1. Log everything: The first thing that everyone knows about computers is that they act weird sometimes, and the more computers you have, more likely it is that things go wrong. Logging what goes on is the one and only way that you can actually get to know what went wrong where, specially when dealing with a huge number of machines, since it is impossible to be monitoring all machines at once by hand.
2. Making code restartable and idempotent: Closely tied to the point above, it makes life a lot easier if the code is restartable and idempotent; This becomes important when machines die off in the middle of a lengthy process; Having the ability to restart processes again makes it relatively painless to manage machines. Log serves as a useful way of knowing exactly where the process was when it died off; reading log serves as a useful feedback mechanism.
3. Keeping synchronization to a minimum: When multiple unreliable machines have to co-ordinate with each other, life becomes hard. That's when you understand that animal-trainers have a tough job ;-) . If it is possible, it is much better to divide a complex job such that each computer works on an independent chunk of the whole, rather than working on parts that need to be passed around.
4. Taking Advantage of Memory: Disks are slow - really, really slow, when compared to memory. While you'd think that you can take it or leave it for small programs, for large programs, the amount of disk you touch has a significant impact on performance. It is always a good idea to take advantage of the large amounts of memory available to most computers today.

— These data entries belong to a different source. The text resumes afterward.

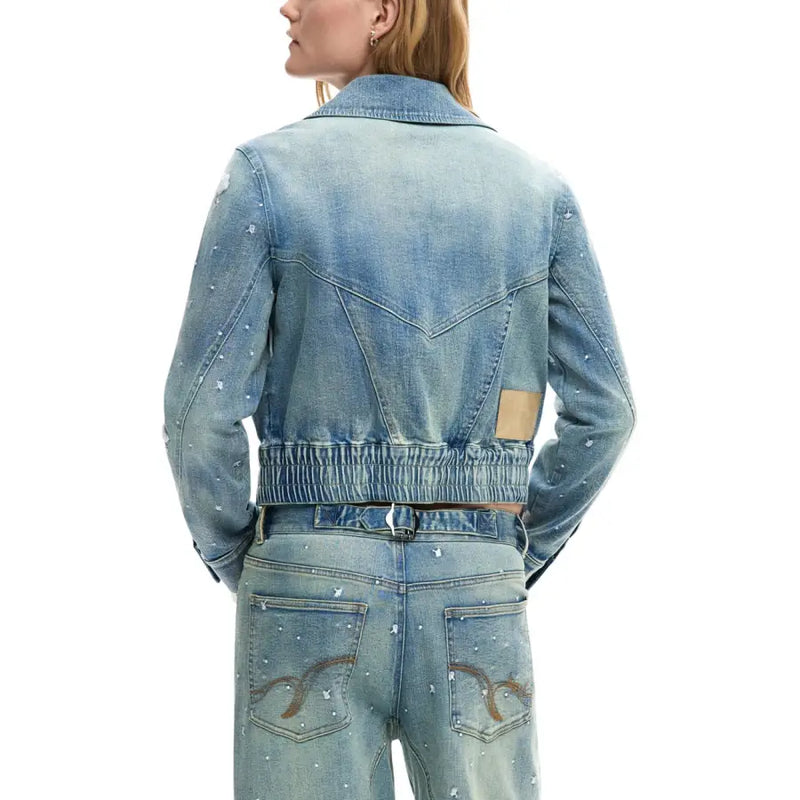 Back side of a desigual women light blue cropped denim jacket with distressed white paint splatter and brown stitching pockets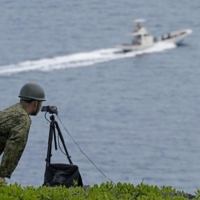 A Self-Defense Force member searches for missing people on Miyako Island in Okinawa Prefecture on Tuesday after a Ground Self-Defense Force helicopter went missing over waters near the island last week. | KYODO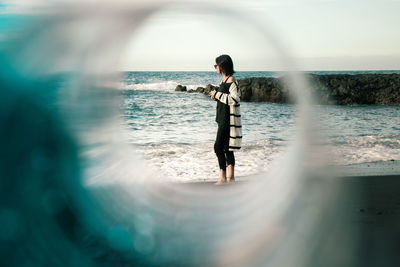 Full length of woman standing in sea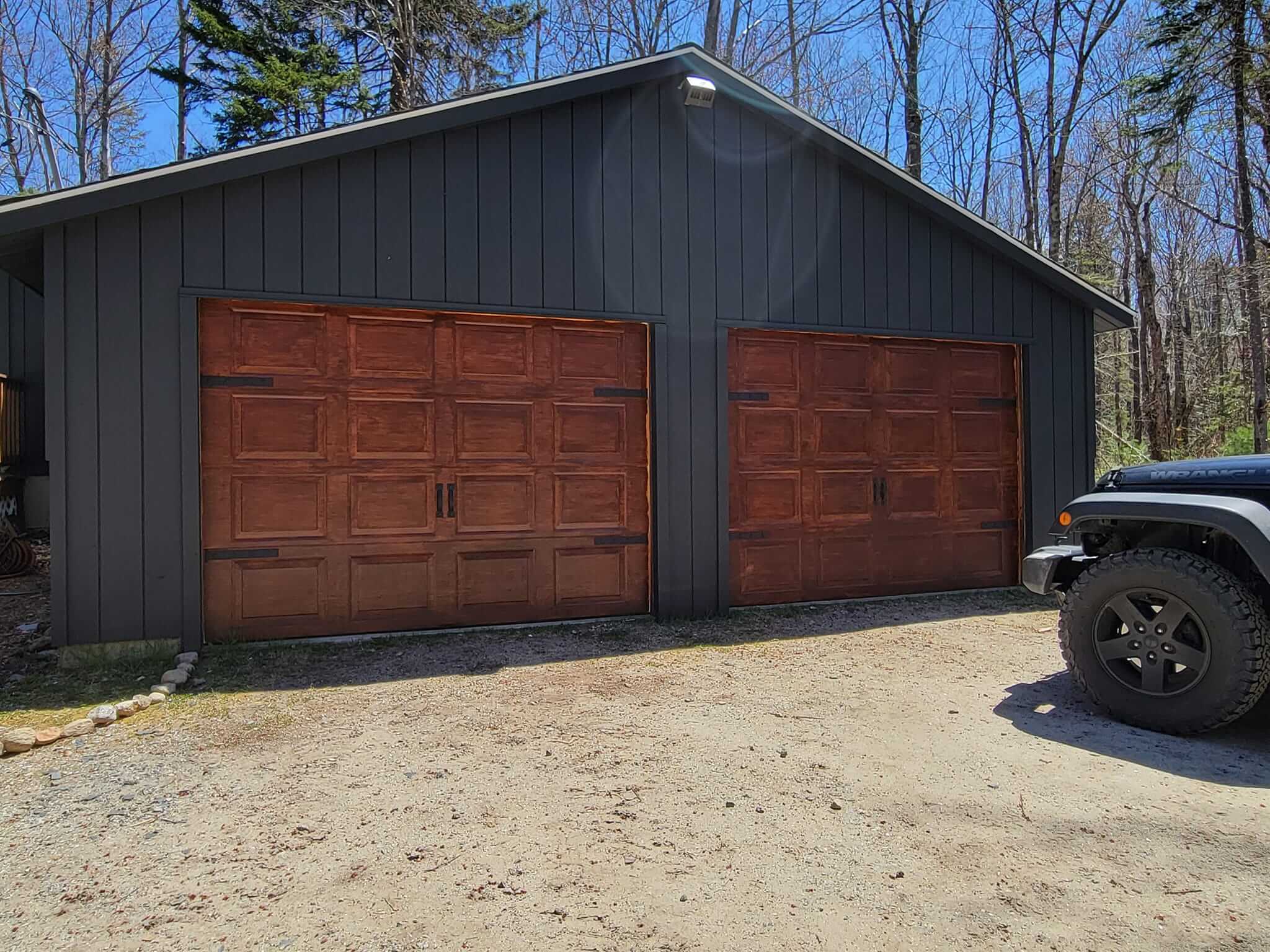 Exterior house painting with crisp trim in a Sunapee NH garage door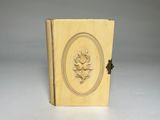 an old book with a picture of a woman on it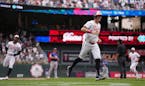 Twins outfielders Max Kepler (26) and Byron Buxton (25) round the bases after Alex Kirilloff hit a three-run home run to give the Twins the lead in th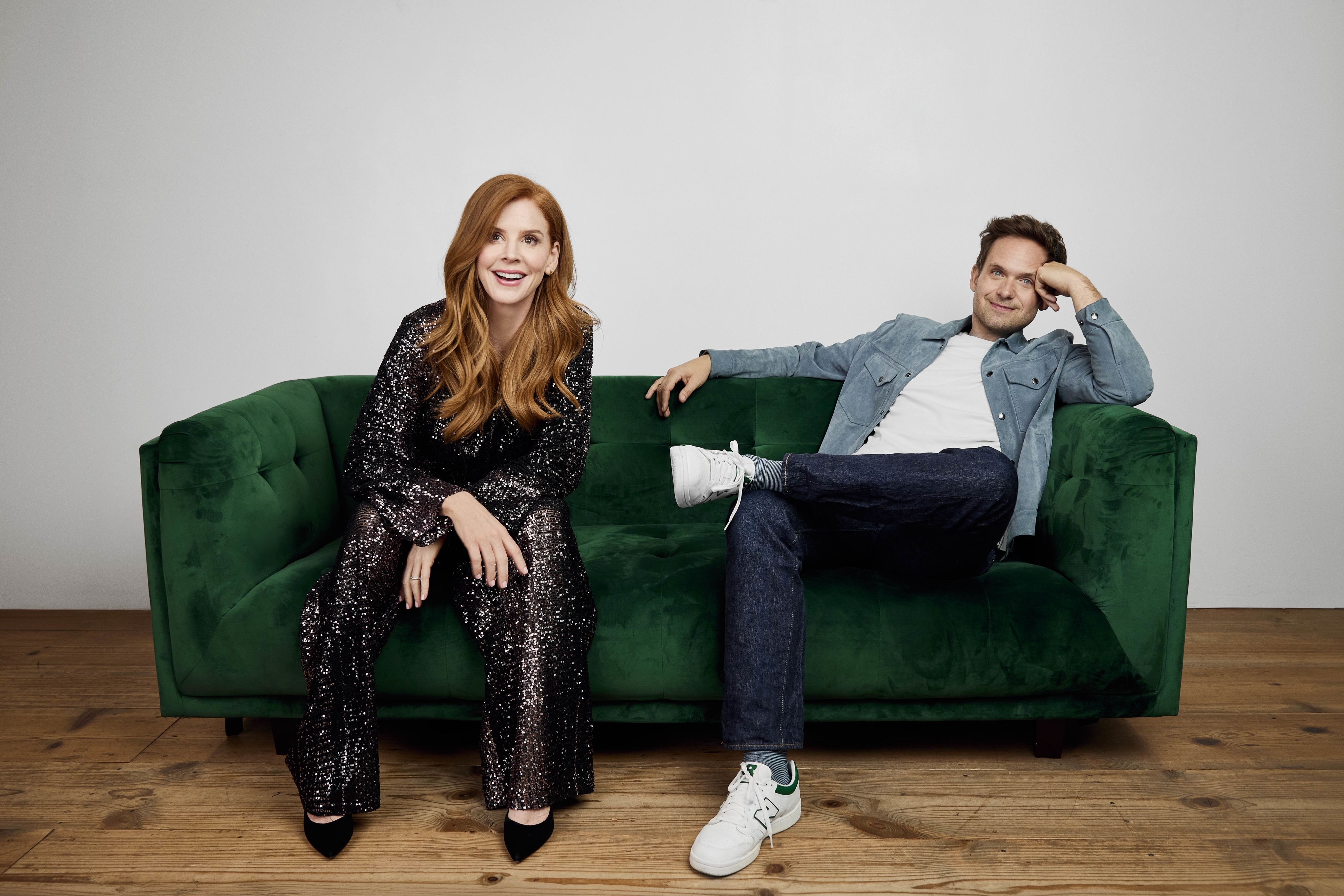 Sarah Rafferty in a sparkling jumpsuit and Patrick J. Adams in a denim jacket, jeans, and sneakers, posing on a green sofa for a photoshoot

So, touching one disk file instead of many small ones is better (because the buffer cache of the operating system kicks in, to read ahead from disk to memory in anticipation), but best would be to gobble the entire file in memory explicitly before processing.
The tricky part is writing:if you process too much without committing to the disk, you run the risk of losing all your computation if the computer fails. On the other hand, very frequent writing is bound to cost in terms of performance. This is a very delicate balance to achieve, but with the CPU speeds we have, my own rule of thumb is to favour repeating computation rather than frequent writes.
5. Reducing communication costs: Communication setup costs sometime dominate the cost of actual connection. For example, setting up an ssh or an scp session is quite expensive(~1 sec to establish connection?). Considering this, it is better to optimize the amount of data transferred per communication setup.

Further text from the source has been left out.